UK labour market data remains very healthy
Sterling has been given a boost in early European trade from the latest jobs data, which showed unemployment remaining at a 44-year low and earnings growth staying above 3%.
At a time when the economy is slow, global risks are building and Brexit is unresolved, this data is quite remarkable and very encouraging. Of course, its resilient to Brexit uncertainty and everything else may not last in the event of a broad slowdown or no-deal, but that’s no reason to be discouraged.
It also leaves the Bank of England in a very curious position, not that you’d guess so from a market pricing perspective, with a rate hike entirely priced out for the next year and no move at all the most likely outcome.
Policy makers may well be happy to sit back and wait until October to pass before deciding what to do next but in the unlikely event that we exit with a deal, they may be left seriously considering whether a hike is appropriate, especially given the current level of interest rates. Of course, there’s a lot of if’s here and plenty can change over the next four and a half months.

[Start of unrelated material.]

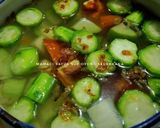 Foto langkah ke 6 dari resep Mamaci Sayur Sup Oyong Sederhana.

Clearly traders aren’t feeling too optimistic which is why we find sterling trading not far from its lowest levels this year. Of course this largely relates to the more pessimistic outlook on Brexit, with a number of the more favoured Conservative candidates – including the frontrunner – preferring a harder exit and seemingly perfectly comfortable with no deal.
GBPUSD Daily Chart
It will be interesting to see how we trade around 1.28, with a break above potentially being a bullish signal in the near-term. That said, the Conservative leadership race may continue to be a drag on the pound so gains higher may rely more on dollar weakness that sterling surges.